富士山特有の長い斜面、特に“砂走り”コースは何時間も同じ姿勢、同じ動作を繰り返すことになります。特に筋力が衰えてくる年配層の方々を中心に、膝や股関節へのダメージを訴える方が続出しました。

富士山で一番キツイ?「下山」を乗り切るコツ
1組目、2組目、そして海外の強者が集まった3組目でも同様に、多くの方が悲鳴を上げていたのが「下山時の膝や股関節の痛み」です。富士山で地味に、そして確実に足腰を削ってくるのが、この「下り」の区間です。
ガイドが実践している「下り方」のコツ
長い富士山の下りを、なるべく疲れず、痛みを起こさせないようにするために、私が実践しているのは「単にまっすぐ下りるのではなく、使う筋肉の部位を分散させる」ことです。
・つま先と体の方向を斜めに変える
つま先をずっと下(進行方向)に向け続けるのではなく、交互に、少し斜めに向けながら下りることで、太腿やふくらはぎの使う筋肉の部位が変わり、局所的な疲労を防ぐことが出来ます。
・ジグザグ・小股で歩く
体の向きを左右に小刻みに変えつつ、少しでも斜度の緩いラインを選び、小股で下りていく。

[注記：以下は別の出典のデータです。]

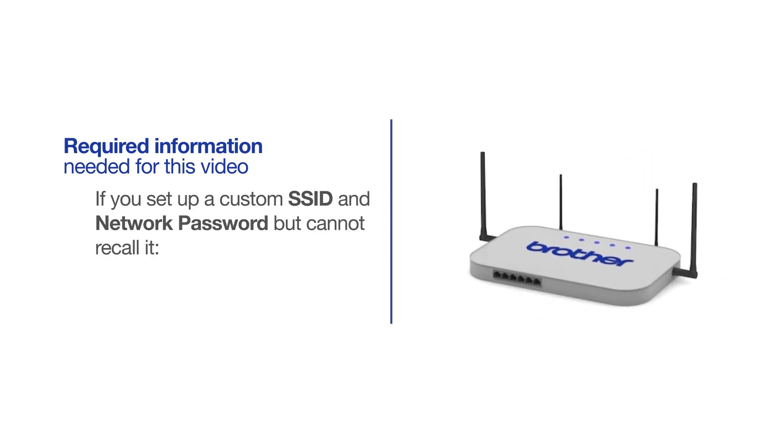If you've set up a custom SSID and network password and cannot recall this information, please contact your router manufacturer. Setup cannot be accomplished without this information.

これを意識して実践してただけるだけで、「膝の痛みがラクになった!」というお客様がたくさんいらっしゃいました。是非試してみてください!

これから富士山を目指す方へ
3回のガイドを経て改めて驚いたのは「他の山には登らないけど、富士山だけは登りたい」という初心者の多さです。一生に一度の挑戦はとても素晴らしいことです!だからこそ知ってほしい。富士山は日本で一番標高が高い山であるだけではなく、難易度も決して低くない、難しい部類に入る山という事実を。
装備は「たまたま」に頼らないで
「町中で使用するポンチョでも登れた」「スニーカーでも行けちゃった」という声を聞くことがあります。ですが、それはたまたま天気が良かっただけの幸運にすぎません。今回、私が3回ガイドでご案内して、山頂でご来光が見られたのはたった1回です。私のガイドとしての経験不足の面もあると思いますが、富士山は決して登頂率が高い山ではないと感じました。あたりまえなのですが、①適切な装備 ②十分な体力 があって初めてチャレンジできる山なんです。
登山靴
ソールがしっかりしたもの。「新古品」や「未使用だが数年保管していた」ような靴は接着剤の経年劣化でソールが剥がれる可能性が大です!
レインウェア
上下セパレートタイプで、防水はもちろん透湿性素材(Gore-Tex)も必須。登山用ではないものだと富士山の雨と風に は耐えきれないと思います。
過酷な環境下で2ヶ月ほどの開山期間を命がけで切り盛りされている山小屋の皆様への感謝を忘れず、富士山で発生する不幸な事故が一つでも減ることを祈ってやみません。
万全の準備をして挑めば、生涯忘れられない景色に出会えます。
そして私、Vegも、今年の経験を活かして、来年はより“安全”で“楽しめる” 富士山登山のガイドが出来るよう準備していきたいと思っています。